WHAT TO WORK ON: Could you repeat every entry below word for word, leaving out the pictures?
##### DATA
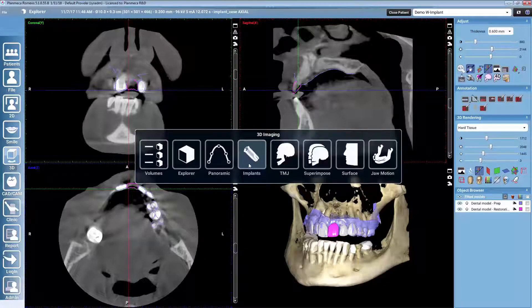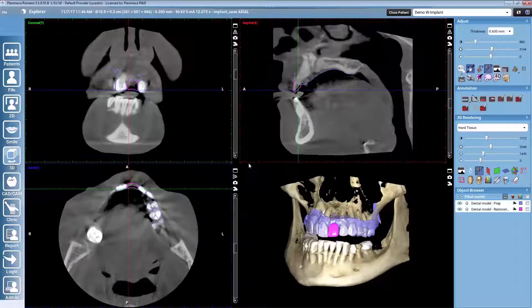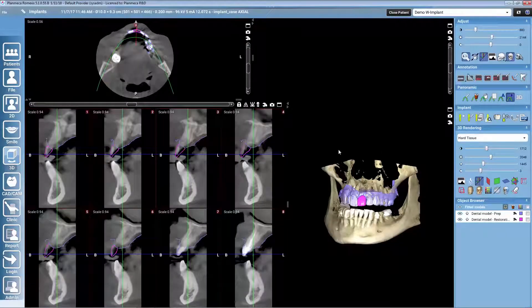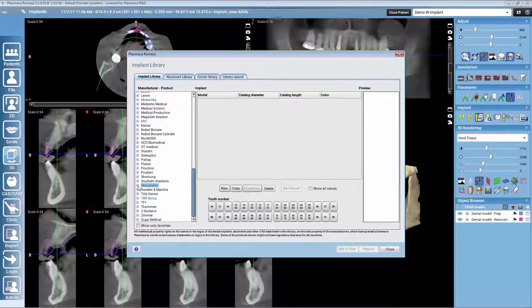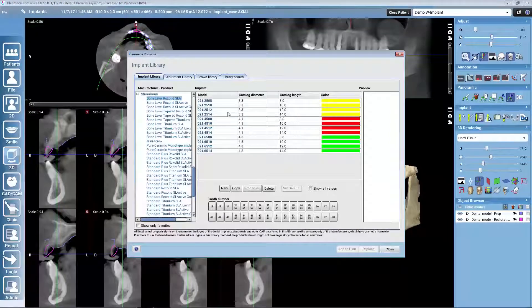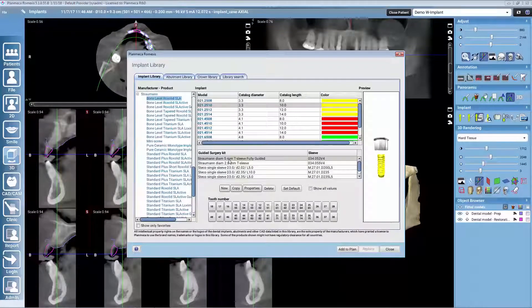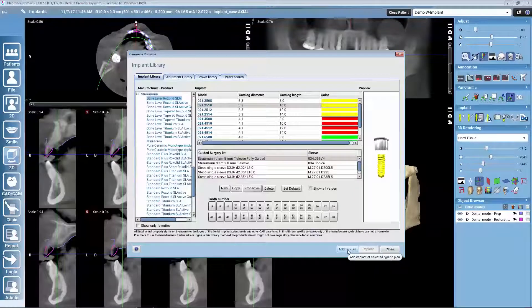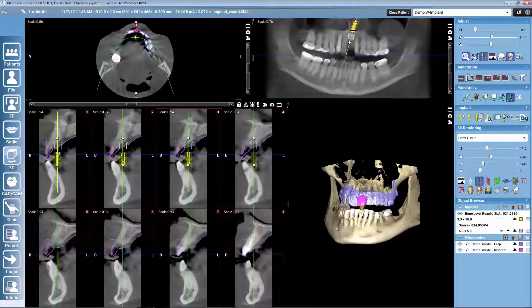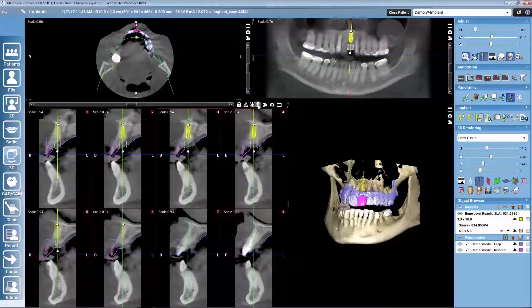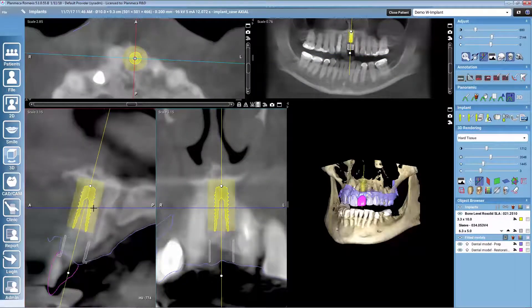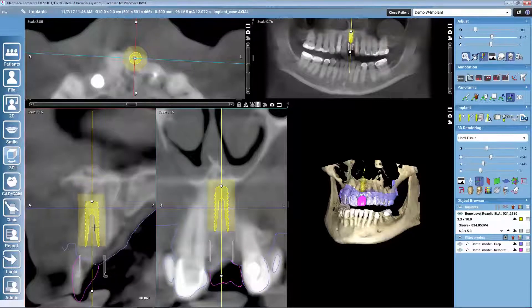From here we can move on to the implants planning module, where we go to the implant library to select our favorite implant. I will use Straumann in this demonstration. Once we select any implant from the library, Romexis gives us a list of the possible surgical kits. In this case I will use Straumann's own sleeve. We add to plan, and then I will use the implant-centric view to place the implant well — these two slices are always centralized in the implant.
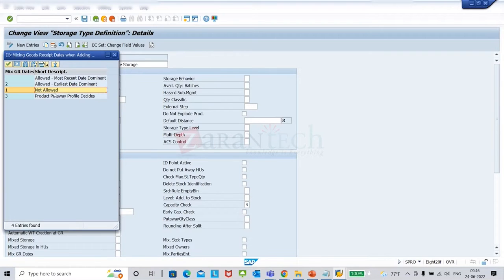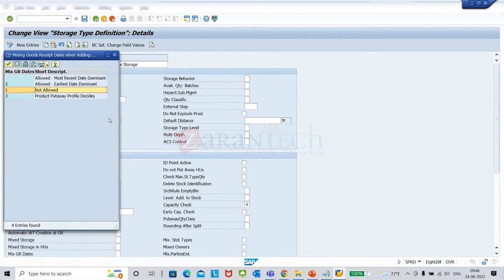If you need product-level control, you create a put away profile and assign it to the product master. The put away profile also carries the earliest date or recent date setting. 'Not allowed' means the June batch is directed to another bin — the system won't let you add it. The same applies to expiration date (SLED) — similar settings with earliest date and latest date options, and SLED can be maintained for non-batch managed products.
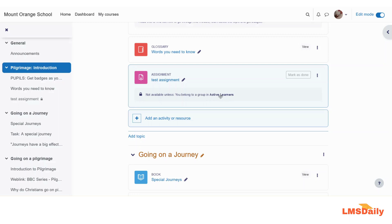If you like this video, please don't forget to click the Subscribe button and press the bell icon. If you have any questions regarding groupings, please put them in the comments section below. Thank you very much for watching.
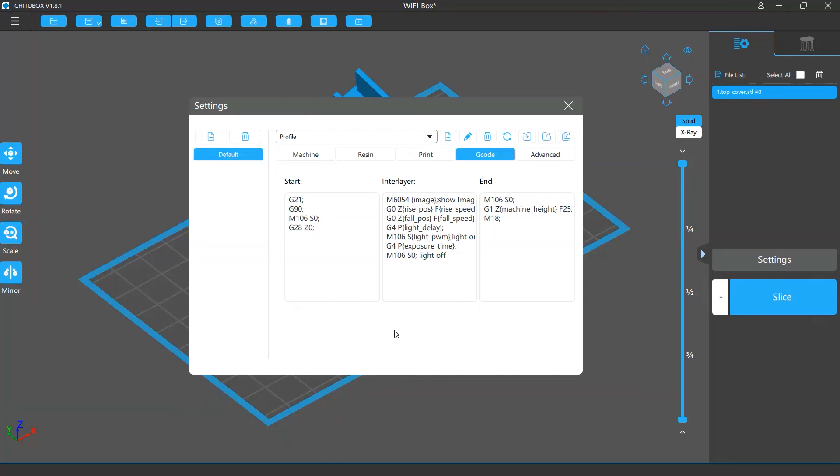G-code is a numerical control programming language that allows you to control the behavior of the light source and motor of your printer.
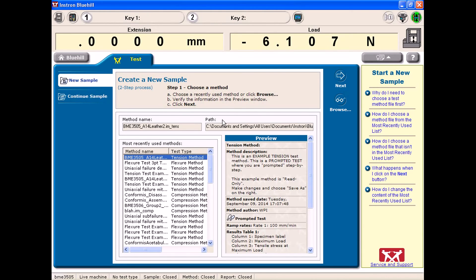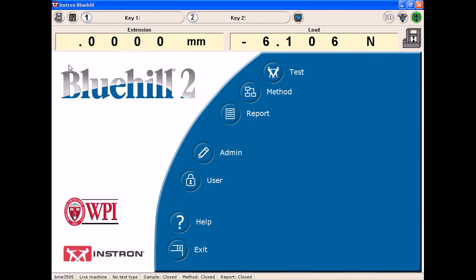Now that I am done trying to use the Bluehill software, I want to go back home to the home button at the top left-hand corner of the screen where it says Bluehill.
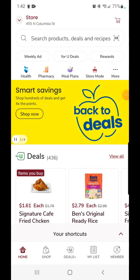Welcome to section two: just for you coupons and clip all coupons. In this section we'll quickly cover the just-for-you coupons you receive in your email based on your shopping habits at Safeway. After you sign up for the app and provide your email, you will start receiving emails.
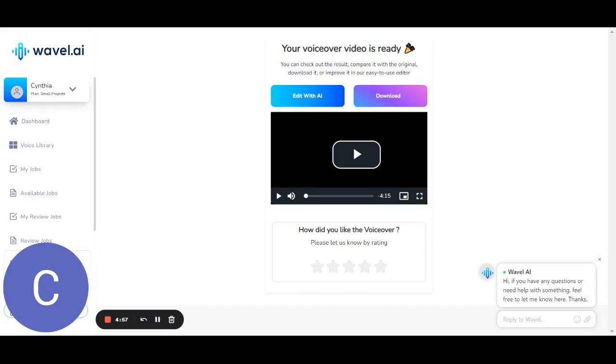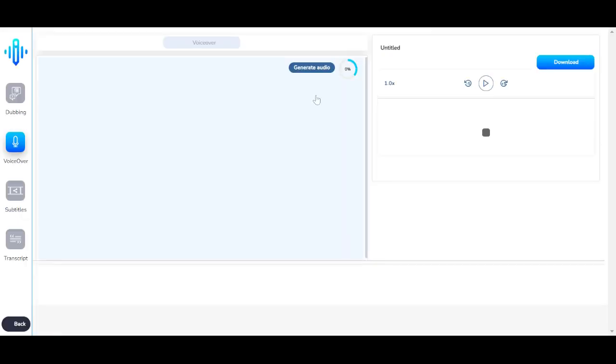Now that your voiceover video is ready, you can listen to the voiceover here. You can edit it with AI or you can download it. Now moving on to the editing interface.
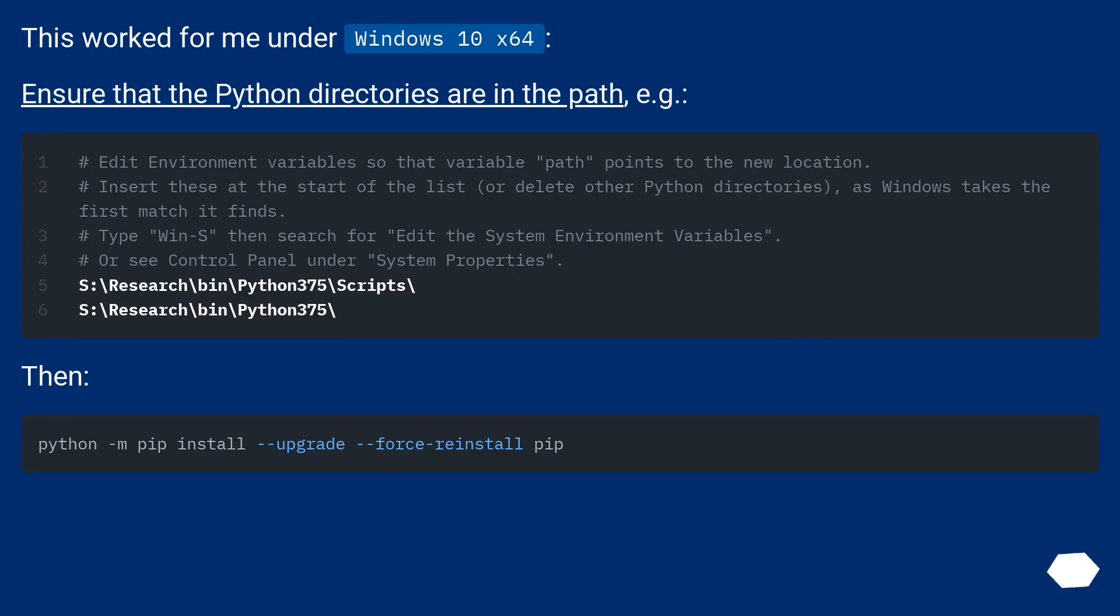This worked for me under Windows 10 x64. Ensure that the Python directories are in the path, for example.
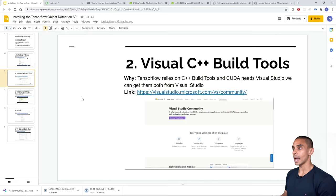Once cloned, note that this tutorial uses Git Bash on Windows, which allows bash and git commands in a Windows environment. You can install it from gitforwindows.org. Navigate into the cloned models folder with 'cd models', then into the research folder with 'cd research'. From there, we'll run a protoc command to work with the Object Detection library.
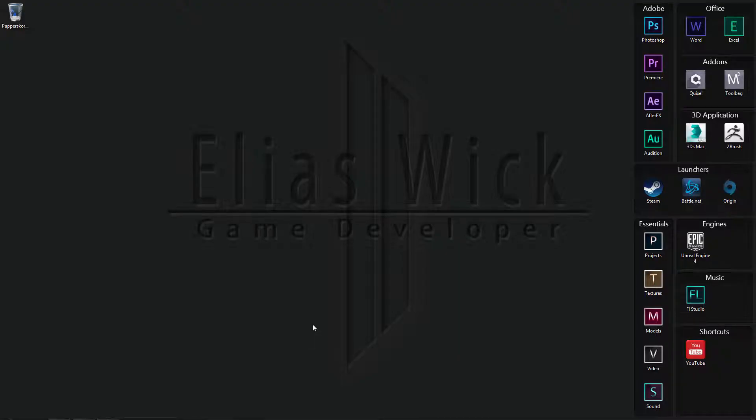Greetings and welcome to my YouTube channel, it's Eliasvik here today. I'm going to be showing you guys how to add a custom startup screen to 3ds Max.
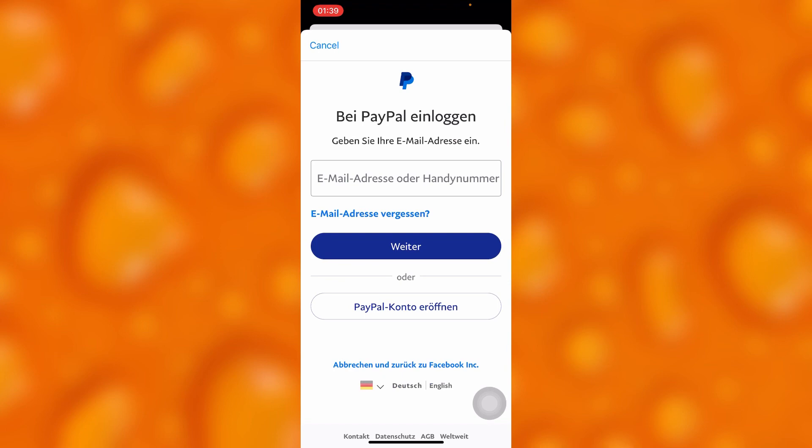Tapping Add PayPal will take you directly to log in to your PayPal account and connect it to your Facebook. In case of any purchases, it will automatically update and pay fees on Facebook using your PayPal account.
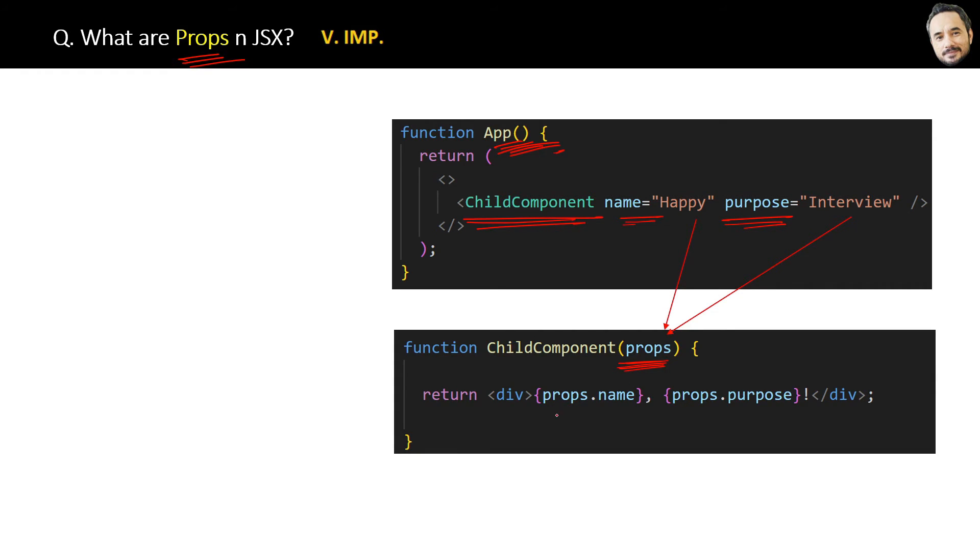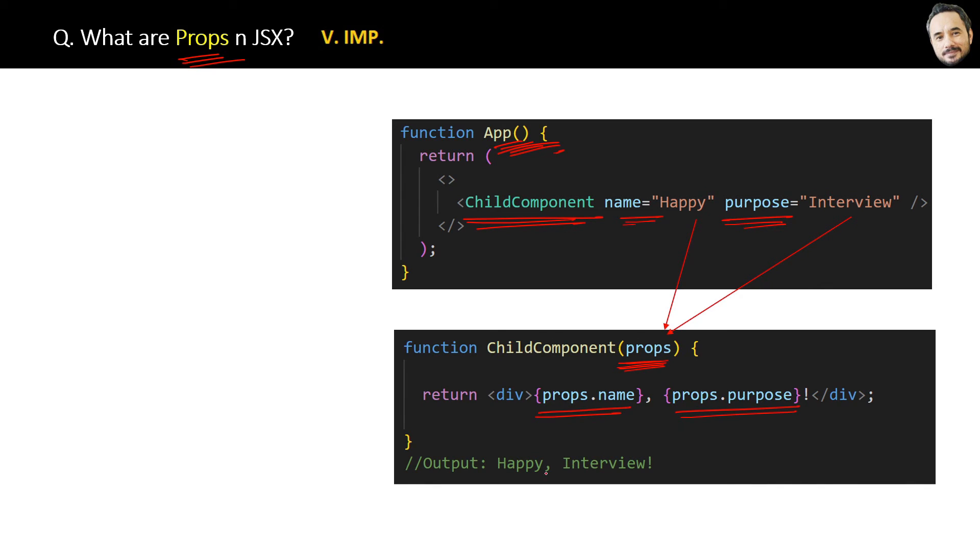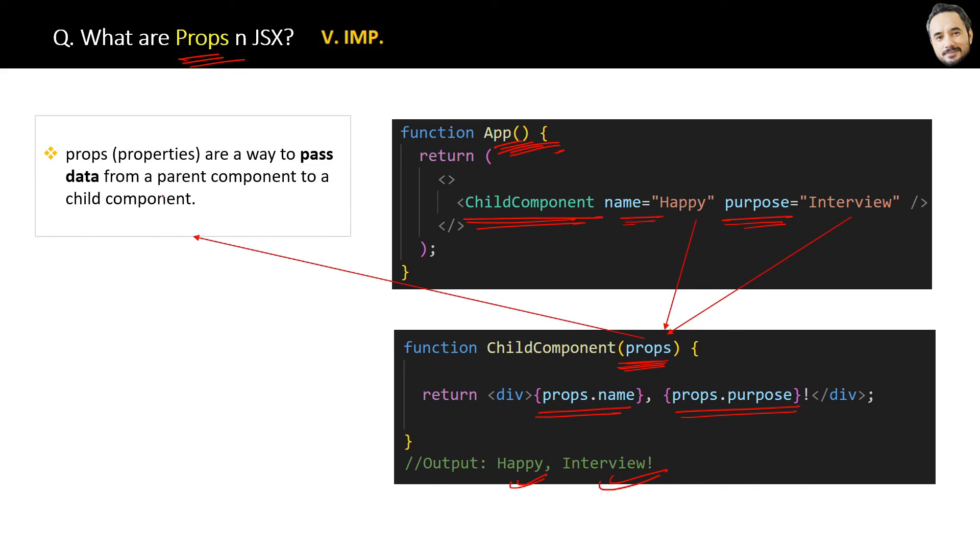We extract the properties of props: props.name, props.purpose, and finally this is the output. So what are props? Props stands for properties and are a way to pass data from the parent component to child component. Simple and very easy answer.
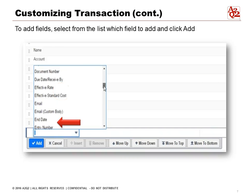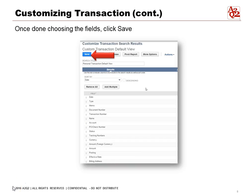We can also add fields. At the bottom of the menu bar you can see the Add button. Select from the list which fields you want to add and click it. Once you're done selecting all the fields and putting them in the order you want, remember to click Save.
##########
THE ANSWER:
From here we can move on to the implants planning module, where we go to the implant library to select our favorite implant. I will use Straumann in this demonstration. Once we select any implant from the library, Romexis gives us a list of the possible surgical kits. In this case I will use Straumann's own sleeve. We add to plan, and then I will use the implant-centric view to place the implant well — these two slices are always centralized in the implant.
If you need product-level control, you create a put away profile and assign it to the product master. The put away profile also carries the earliest date or recent date setting. 'Not allowed' means the June batch is directed to another bin — the system won't let you add it. The same applies to expiration date (SLED) — similar settings with earliest date and latest date options, and SLED can be maintained for non-batch managed products.
If you like this video, please don't forget to click the Subscribe button and press the bell icon. If you have any questions regarding groupings, please put them in the comments section below. Thank you very much for watching.
G-code is a numerical control programming language that allows you to control the behavior of the light source and motor of your printer.
Now that I am done trying to use the Bluehill software, I want to go back home to the home button at the top left-hand corner of the screen where it says Bluehill.
Welcome to section two: just for you coupons and clip all coupons. In this section we'll quickly cover the just-for-you coupons you receive in your email based on your shopping habits at Safeway. After you sign up for the app and provide your email, you will start receiving emails.
Now that your voiceover video is ready, you can listen to the voiceover here. You can edit it with AI or you can download it. Now moving on to the editing interface.
This worked for me under Windows 10 x64. Ensure that the Python directories are in the path, for example.
Once cloned, note that this tutorial uses Git Bash on Windows, which allows bash and git commands in a Windows environment. You can install it from gitforwindows.org. Navigate into the cloned models folder with 'cd models', then into the research folder with 'cd research'. From there, we'll run a protoc command to work with the Object Detection library.
Greetings and welcome to my YouTube channel, it's Eliasvik here today. I'm going to be showing you guys how to add a custom startup screen to 3ds Max.
Tapping Add PayPal will take you directly to log in to your PayPal account and connect it to your Facebook. In case of any purchases, it will automatically update and pay fees on Facebook using your PayPal account.
We extract the properties of props: props.name, props.purpose, and finally this is the output. So what are props? Props stands for properties and are a way to pass data from the parent component to child component. Simple and very easy answer.
We can also add fields. At the bottom of the menu bar you can see the Add button. Select from the list which fields you want to add and click it. Once you're done selecting all the fields and putting them in the order you want, remember to click Save.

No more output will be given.